10.3. The customer is obliged to observe the products marketed by it, including after they have been placed on the market, for harmful properties or dangerous consequences of use and to monitor the development of science and technology with regard to such products and to inform MELAG immediately of errors in the goods delivered by MELAG established due to these observations.

 

11. Returns policy

11.1. Unless otherwise regulated in these General Terms and Conditions, cancellation of a contract, an exchange of goods or return of goods is not possible for the customer for any another reason.

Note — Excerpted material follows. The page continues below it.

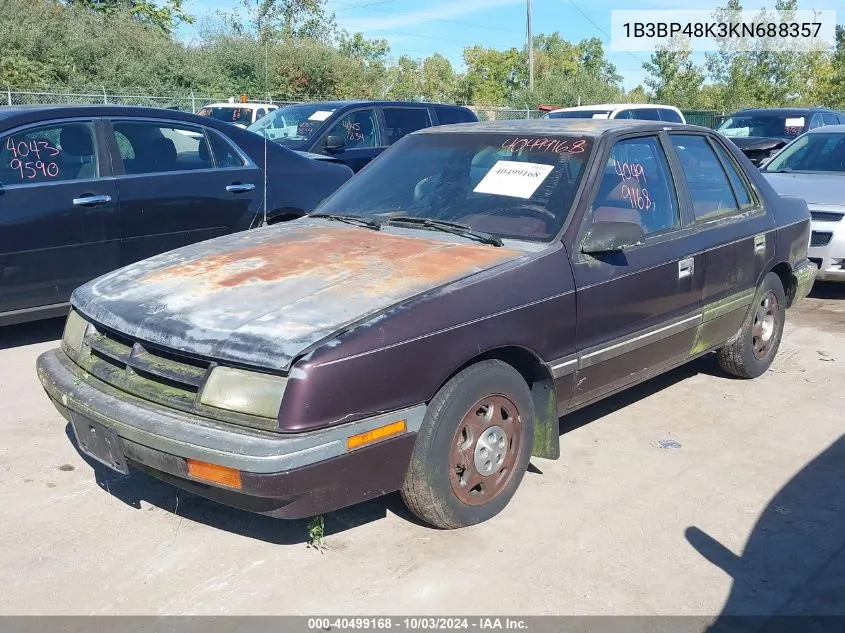 1989 Dodge Shadow VIN: 1B3BP48K3KN688357 Lot: 40499168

11.2. Orders for custom-made products cannot be cancelled. Nevertheless, if this happens MELAG shall calculate the total work performed up until that point or parts processed up to a maximum amount that corresponds to the value of the overall delivery.

 

12. Place of performance, place of jurisdiction, choice of law clause

12.1. The place of performance for deliveries of MELAG is Berlin.

12.2. In business dealings with business persons and legal persons under public law, the place of jurisdiction for all legal disputes from the contractual relationship shall be the registered office of MELAG Medizintechnik GmbH & Co.KG. MELAG is also entitled to assert claims at any other legal place of jurisdiction.

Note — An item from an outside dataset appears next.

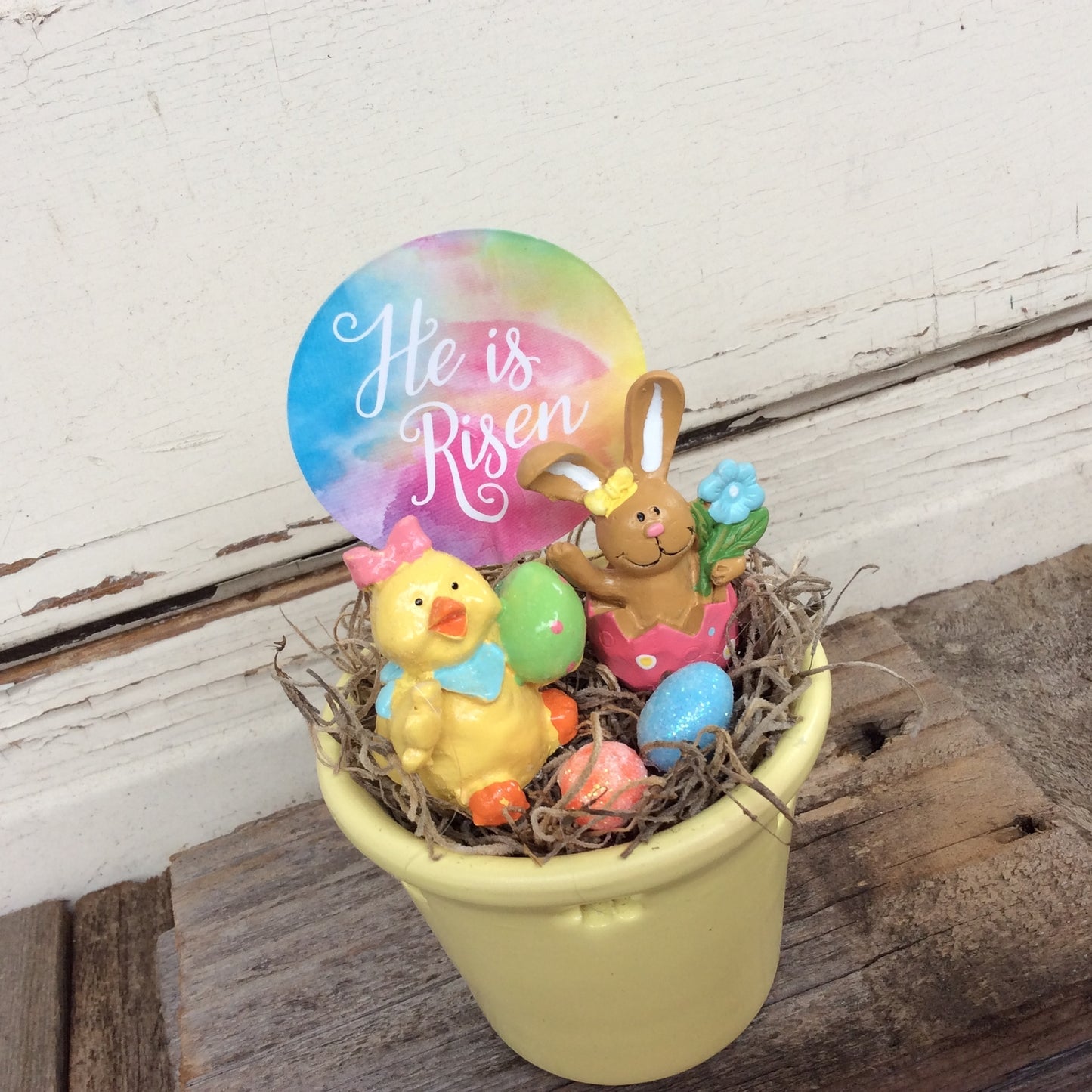 AGD Easter Decor - He is Risen Bunny and Chick Yellow Display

12.3. The legal relationships between the customer and MELAG are subject exclusively to the law of the Federal Republic of Germany.

 

13. Final provisions

13.1. Statements in the name of MELAG are only legally binding if they are made by the required number of persons authorised to represent MELAG (i.e. managing directors, authorised representatives, authorised officers).

13.2. All agreements between MELAG and the customer are required to be in writing. Verbal side agreements shall not be valid. Amendments and supplements to these General Terms and Conditions shall accordingly only be effective if they are agreed in writing. The requirement for the written form shall also be satisfied by email.

13.3. Should individual provisions of an individual agreement or of these General Terms and Conditions becompletely or partially ineffective, the rest of the provisions shall remain effective. In the event of partial ineffectiveness, the contracting parties undertake to replace the ineffective provisions with provisions that correspond as closely as possible to the purpose of the ineffective provisions.

13.4. The legal successors of the customer shall also be bound to the obligations from agreements that are concluded on the basis of these Terms and Conditions.

13.5. During the valid business relationship, the customer undertakes to disclose to MELAG immediately any change to the status of the person or the company of the customer as well as any change to the business address.

13.6. MELAG is entitled at any time to change or supplement these Terms and Conditions. The change shall enter into force with the agreement of the customer and shall apply for all business concluded after this point in time.